▸ **YOUR ASSIGNMENT**:
Every record must be reproduced exactly. Leave none out.

=-=-=

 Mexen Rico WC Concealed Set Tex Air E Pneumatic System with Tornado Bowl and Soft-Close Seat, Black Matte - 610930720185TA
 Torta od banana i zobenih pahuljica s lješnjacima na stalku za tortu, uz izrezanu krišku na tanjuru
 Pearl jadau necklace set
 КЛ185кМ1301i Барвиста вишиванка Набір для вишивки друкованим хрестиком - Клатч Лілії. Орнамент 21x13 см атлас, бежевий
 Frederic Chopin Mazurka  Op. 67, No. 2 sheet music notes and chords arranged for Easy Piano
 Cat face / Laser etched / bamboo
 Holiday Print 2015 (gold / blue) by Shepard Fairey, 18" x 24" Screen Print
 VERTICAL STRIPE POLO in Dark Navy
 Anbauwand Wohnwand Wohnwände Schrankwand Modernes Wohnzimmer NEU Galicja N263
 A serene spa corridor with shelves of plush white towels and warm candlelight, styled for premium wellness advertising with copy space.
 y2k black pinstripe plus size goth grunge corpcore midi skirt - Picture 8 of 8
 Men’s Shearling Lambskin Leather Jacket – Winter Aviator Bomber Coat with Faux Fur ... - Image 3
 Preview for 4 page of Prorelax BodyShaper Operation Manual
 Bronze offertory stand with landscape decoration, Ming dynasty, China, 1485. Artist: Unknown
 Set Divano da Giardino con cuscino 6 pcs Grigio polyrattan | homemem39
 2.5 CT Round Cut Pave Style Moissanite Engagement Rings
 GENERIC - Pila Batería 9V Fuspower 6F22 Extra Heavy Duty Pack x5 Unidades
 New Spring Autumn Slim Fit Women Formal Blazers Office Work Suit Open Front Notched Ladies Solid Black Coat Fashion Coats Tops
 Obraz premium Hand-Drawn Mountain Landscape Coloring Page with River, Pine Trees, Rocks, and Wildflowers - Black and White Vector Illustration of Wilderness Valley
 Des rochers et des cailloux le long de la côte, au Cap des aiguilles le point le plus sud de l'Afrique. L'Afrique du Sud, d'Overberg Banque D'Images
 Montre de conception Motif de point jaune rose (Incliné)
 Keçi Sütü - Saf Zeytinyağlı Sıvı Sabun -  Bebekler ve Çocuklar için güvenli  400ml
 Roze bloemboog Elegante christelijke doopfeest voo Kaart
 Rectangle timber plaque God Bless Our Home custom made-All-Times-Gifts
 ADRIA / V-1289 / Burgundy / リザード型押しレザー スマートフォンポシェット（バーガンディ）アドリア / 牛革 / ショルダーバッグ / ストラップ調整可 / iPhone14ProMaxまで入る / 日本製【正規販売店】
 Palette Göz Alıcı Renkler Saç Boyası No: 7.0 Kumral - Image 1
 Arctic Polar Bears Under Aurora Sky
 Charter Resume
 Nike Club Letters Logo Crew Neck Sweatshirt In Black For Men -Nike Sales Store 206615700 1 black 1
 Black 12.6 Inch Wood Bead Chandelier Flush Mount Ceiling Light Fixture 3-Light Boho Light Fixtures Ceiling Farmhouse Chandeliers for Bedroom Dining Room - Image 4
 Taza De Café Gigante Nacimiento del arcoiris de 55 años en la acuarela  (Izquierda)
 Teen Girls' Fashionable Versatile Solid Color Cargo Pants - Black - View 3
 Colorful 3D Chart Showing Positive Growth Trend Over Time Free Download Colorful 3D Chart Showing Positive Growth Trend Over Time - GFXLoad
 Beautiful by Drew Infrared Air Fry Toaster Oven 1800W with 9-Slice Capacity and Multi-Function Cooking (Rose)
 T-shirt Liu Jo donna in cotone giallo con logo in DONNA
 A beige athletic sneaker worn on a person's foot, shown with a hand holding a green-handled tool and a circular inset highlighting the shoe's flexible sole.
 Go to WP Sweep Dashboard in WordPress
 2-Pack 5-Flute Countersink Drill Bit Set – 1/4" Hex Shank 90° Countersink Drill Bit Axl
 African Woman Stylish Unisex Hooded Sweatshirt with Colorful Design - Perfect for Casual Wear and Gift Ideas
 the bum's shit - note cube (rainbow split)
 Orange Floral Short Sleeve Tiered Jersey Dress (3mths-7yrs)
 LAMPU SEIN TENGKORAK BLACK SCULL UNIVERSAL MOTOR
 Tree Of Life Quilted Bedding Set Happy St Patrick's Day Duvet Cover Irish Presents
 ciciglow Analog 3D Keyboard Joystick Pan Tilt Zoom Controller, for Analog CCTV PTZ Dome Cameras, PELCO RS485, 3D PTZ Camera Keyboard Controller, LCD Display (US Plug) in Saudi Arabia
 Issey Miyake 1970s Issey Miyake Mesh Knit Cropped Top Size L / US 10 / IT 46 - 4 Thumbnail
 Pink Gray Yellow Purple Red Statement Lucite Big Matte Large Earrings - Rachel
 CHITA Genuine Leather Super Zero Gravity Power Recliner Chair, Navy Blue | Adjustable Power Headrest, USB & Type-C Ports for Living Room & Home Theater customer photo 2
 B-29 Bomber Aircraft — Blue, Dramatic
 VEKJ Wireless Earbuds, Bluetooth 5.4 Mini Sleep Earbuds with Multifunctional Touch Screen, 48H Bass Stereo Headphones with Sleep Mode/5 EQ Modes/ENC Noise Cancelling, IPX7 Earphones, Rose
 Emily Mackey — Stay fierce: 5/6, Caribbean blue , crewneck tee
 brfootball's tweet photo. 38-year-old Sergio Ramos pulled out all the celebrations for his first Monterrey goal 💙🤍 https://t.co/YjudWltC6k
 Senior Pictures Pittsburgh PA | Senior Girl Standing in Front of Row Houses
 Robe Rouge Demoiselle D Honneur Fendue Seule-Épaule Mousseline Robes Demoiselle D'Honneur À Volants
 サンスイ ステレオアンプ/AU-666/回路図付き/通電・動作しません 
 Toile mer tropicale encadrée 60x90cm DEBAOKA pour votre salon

=-=-=

▸ **RESULT FOR THIS EXERCISE**:
 Mexen Rico WC Concealed Set Tex Air E Pneumatic System with Tornado Bowl and Soft-Close Seat, Black Matte - 610930720185TA
 Torta od banana i zobenih pahuljica s lješnjacima na stalku za tortu, uz izrezanu krišku na tanjuru
 Pearl jadau necklace set
 КЛ185кМ1301i Барвиста вишиванка Набір для вишивки друкованим хрестиком - Клатч Лілії. Орнамент 21x13 см атлас, бежевий
 Frederic Chopin Mazurka  Op. 67, No. 2 sheet music notes and chords arranged for Easy Piano
 Cat face / Laser etched / bamboo
 Holiday Print 2015 (gold / blue) by Shepard Fairey, 18" x 24" Screen Print
 VERTICAL STRIPE POLO in Dark Navy
 Anbauwand Wohnwand Wohnwände Schrankwand Modernes Wohnzimmer NEU Galicja N263
 A serene spa corridor with shelves of plush white towels and warm candlelight, styled for premium wellness advertising with copy space.
 y2k black pinstripe plus size goth grunge corpcore midi skirt - Picture 8 of 8
 Men’s Shearling Lambskin Leather Jacket – Winter Aviator Bomber Coat with Faux Fur ... - Image 3
 Preview for 4 page of Prorelax BodyShaper Operation Manual
 Bronze offertory stand with landscape decoration, Ming dynasty, China, 1485. Artist: Unknown
 Set Divano da Giardino con cuscino 6 pcs Grigio polyrattan | homemem39
 2.5 CT Round Cut Pave Style Moissanite Engagement Rings
 GENERIC - Pila Batería 9V Fuspower 6F22 Extra Heavy Duty Pack x5 Unidades
 New Spring Autumn Slim Fit Women Formal Blazers Office Work Suit Open Front Notched Ladies Solid Black Coat Fashion Coats Tops
 Obraz premium Hand-Drawn Mountain Landscape Coloring Page with River, Pine Trees, Rocks, and Wildflowers - Black and White Vector Illustration of Wilderness Valley
 Des rochers et des cailloux le long de la côte, au Cap des aiguilles le point le plus sud de l'Afrique. L'Afrique du Sud, d'Overberg Banque D'Images
 Montre de conception Motif de point jaune rose (Incliné)
 Keçi Sütü - Saf Zeytinyağlı Sıvı Sabun -  Bebekler ve Çocuklar için güvenli  400ml
 Roze bloemboog Elegante christelijke doopfeest voo Kaart
 Rectangle timber plaque God Bless Our Home custom made-All-Times-Gifts
 ADRIA / V-1289 / Burgundy / リザード型押しレザー スマートフォンポシェット（バーガンディ）アドリア / 牛革 / ショルダーバッグ / ストラップ調整可 / iPhone14ProMaxまで入る / 日本製【正規販売店】
 Palette Göz Alıcı Renkler Saç Boyası No: 7.0 Kumral - Image 1
 Arctic Polar Bears Under Aurora Sky
 Charter Resume
 Nike Club Letters Logo Crew Neck Sweatshirt In Black For Men -Nike Sales Store 206615700 1 black 1
 Black 12.6 Inch Wood Bead Chandelier Flush Mount Ceiling Light Fixture 3-Light Boho Light Fixtures Ceiling Farmhouse Chandeliers for Bedroom Dining Room - Image 4
 Taza De Café Gigante Nacimiento del arcoiris de 55 años en la acuarela  (Izquierda)
 Teen Girls' Fashionable Versatile Solid Color Cargo Pants - Black - View 3
 Colorful 3D Chart Showing Positive Growth Trend Over Time Free Download Colorful 3D Chart Showing Positive Growth Trend Over Time - GFXLoad
 Beautiful by Drew Infrared Air Fry Toaster Oven 1800W with 9-Slice Capacity and Multi-Function Cooking (Rose)
 T-shirt Liu Jo donna in cotone giallo con logo in DONNA
 A beige athletic sneaker worn on a person's foot, shown with a hand holding a green-handled tool and a circular inset highlighting the shoe's flexible sole.
 Go to WP Sweep Dashboard in WordPress
 2-Pack 5-Flute Countersink Drill Bit Set – 1/4" Hex Shank 90° Countersink Drill Bit Axl
 African Woman Stylish Unisex Hooded Sweatshirt with Colorful Design - Perfect for Casual Wear and Gift Ideas
 the bum's shit - note cube (rainbow split)
 Orange Floral Short Sleeve Tiered Jersey Dress (3mths-7yrs)
 LAMPU SEIN TENGKORAK BLACK SCULL UNIVERSAL MOTOR
 Tree Of Life Quilted Bedding Set Happy St Patrick's Day Duvet Cover Irish Presents
 ciciglow Analog 3D Keyboard Joystick Pan Tilt Zoom Controller, for Analog CCTV PTZ Dome Cameras, PELCO RS485, 3D PTZ Camera Keyboard Controller, LCD Display (US Plug) in Saudi Arabia
 Issey Miyake 1970s Issey Miyake Mesh Knit Cropped Top Size L / US 10 / IT 46 - 4 Thumbnail
 Pink Gray Yellow Purple Red Statement Lucite Big Matte Large Earrings - Rachel
 CHITA Genuine Leather Super Zero Gravity Power Recliner Chair, Navy Blue | Adjustable Power Headrest, USB & Type-C Ports for Living Room & Home Theater customer photo 2
 B-29 Bomber Aircraft — Blue, Dramatic
 VEKJ Wireless Earbuds, Bluetooth 5.4 Mini Sleep Earbuds with Multifunctional Touch Screen, 48H Bass Stereo Headphones with Sleep Mode/5 EQ Modes/ENC Noise Cancelling, IPX7 Earphones, Rose
 Emily Mackey — Stay fierce: 5/6, Caribbean blue , crewneck tee
 brfootball's tweet photo. 38-year-old Sergio Ramos pulled out all the celebrations for his first Monterrey goal 💙🤍 https://t.co/YjudWltC6k
 Senior Pictures Pittsburgh PA | Senior Girl Standing in Front of Row Houses
 Robe Rouge Demoiselle D Honneur Fendue Seule-Épaule Mousseline Robes Demoiselle D'Honneur À Volants
 サンスイ ステレオアンプ/AU-666/回路図付き/通電・動作しません 
 Toile mer tropicale encadrée 60x90cm DEBAOKA pour votre salon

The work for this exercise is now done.